The quantization of classically integrable systems relies explicitly on the invariant tori that foliate phase space. No distinction is made in the traditional semiclassical theory as to whether the motion on a quantized torus is periodic or only quasi-periodic. A strong perturbation may break up tori with incommensurate frequencies as well as those with periodic orbits. The only surviving smooth invariant manifolds, beyond the energy shell itself, will then be isolated periodic orbits. The semiclassical limit of stationary states must therefore bear some relation to these invariant curves. The uncertainty principle prevents us from attempting to tighten too closely the association between a given orbit and a specific state. In the last resort a state has to rely on a collection of periodic orbits or at least on a periodic orbit dressed with the local motion around it.

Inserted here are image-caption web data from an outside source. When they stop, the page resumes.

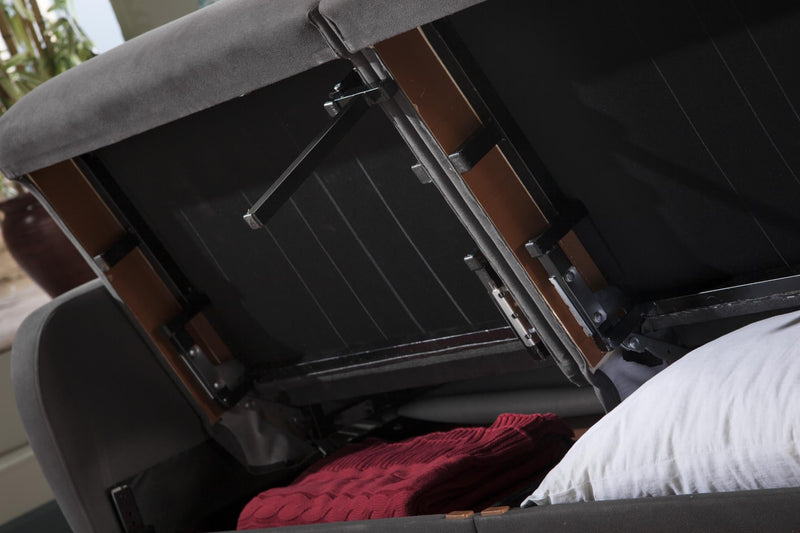 Sofa In A Box - Flexy (Zigana Charcoal) - DMV FurnitureSleeper Sofa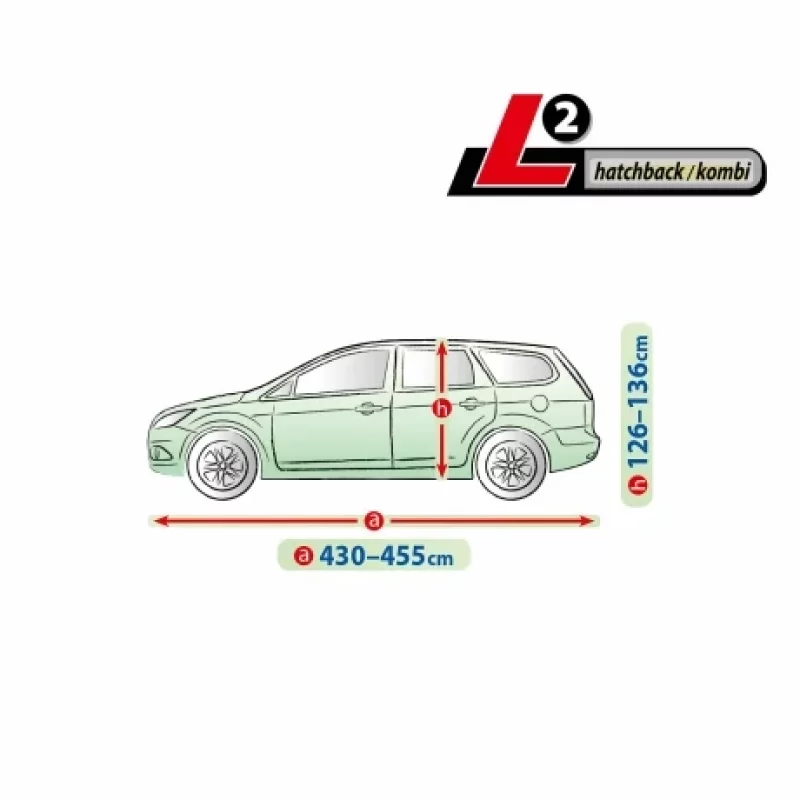 Prelată auto completă L2 impermeabilă și respirabilă pentru hatchback/kombi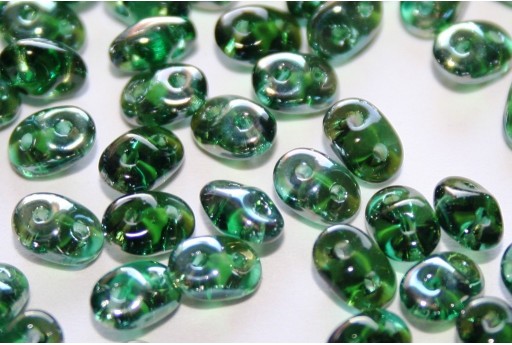 Superduo Beads Emerald Celsian 5x2,5mm - 10gr 2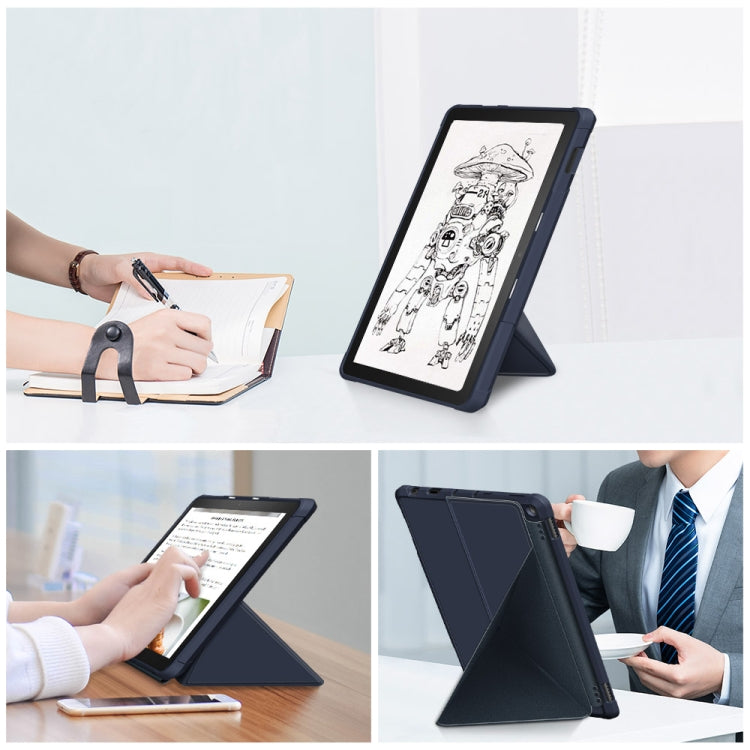 For Amazon Kindle Fire HD 10 / 10 Plus 2021 Multi-folding Horizontal Flip PU Leather Shockproof Case with Holder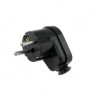 CONECTOR SCHUKO MACHO NEGRO CODO 90º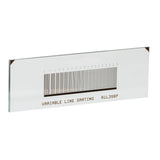 T-R1L3S6P - Positive Variable Line Grating Test Target, 3" x 1"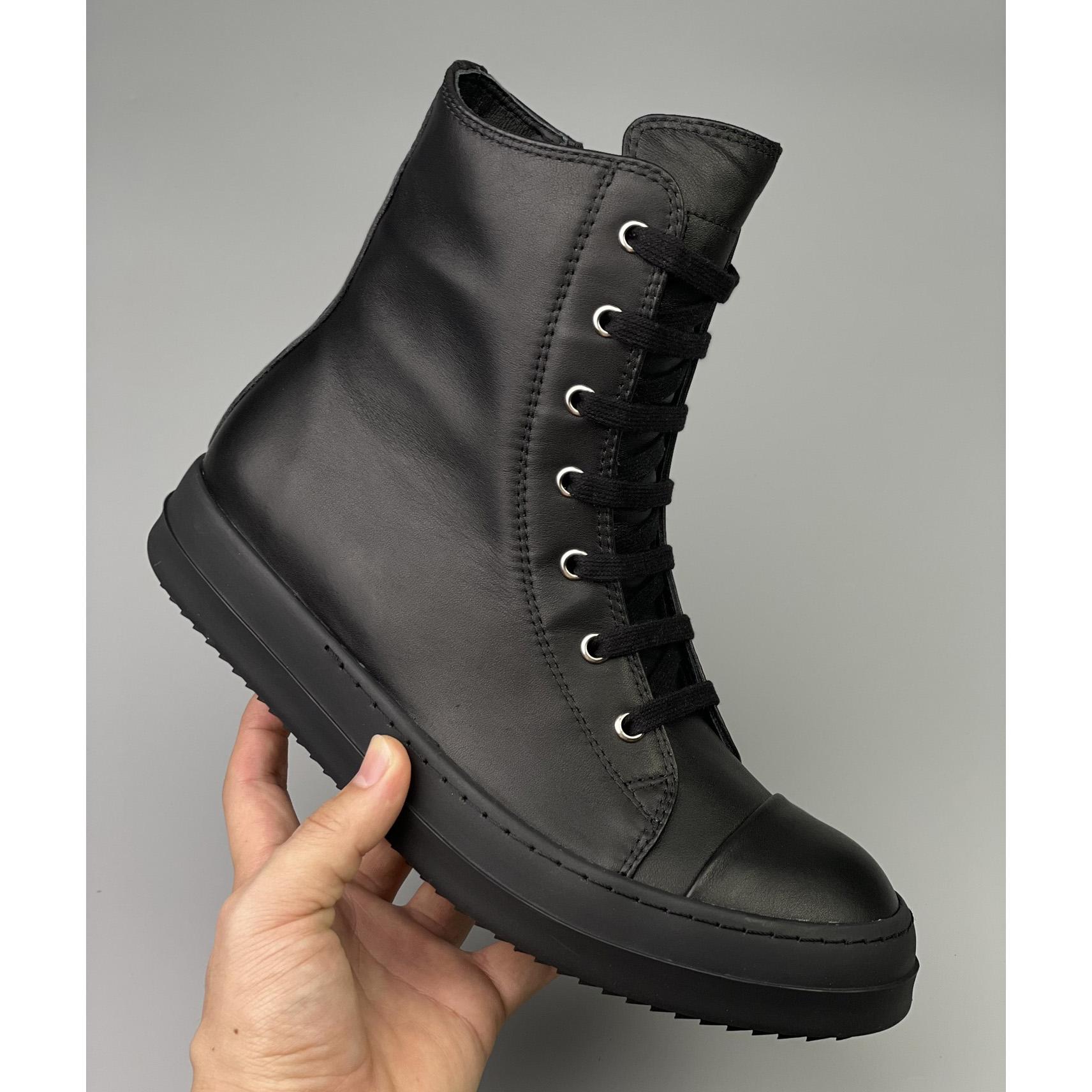 Rick Owens  Leather High Top Sneakers - DopestKickz
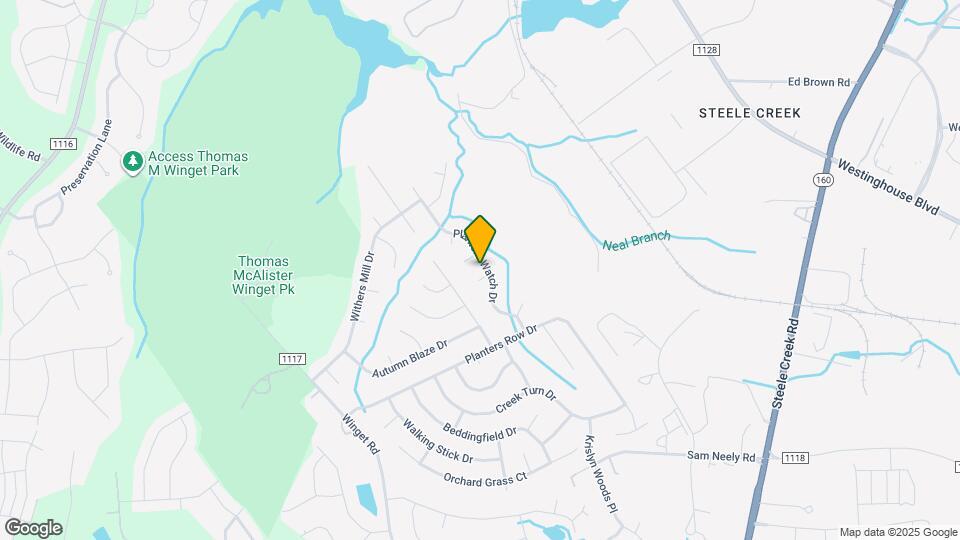 4018 Planters Watch Dr Mapa y Detalles de la Ubicación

The basic instrument for evoking the contribution of periodic orbits is the semiclassical propagator for points that return to their initial positions. The classical orbits determining this propagator are dominated by the periodic orbits, in a way that is explained in section 9.1. On the other hand, the propagator can be represented as a sum over the intensities of the stationary wave functions. A local analysis establishes that individual wave intensities may exhibit strong ‘scars’ along some periodic orbits. Taking the trace of the propagator, we obtain a formula for the density of states as a sum over all the periodic orbits.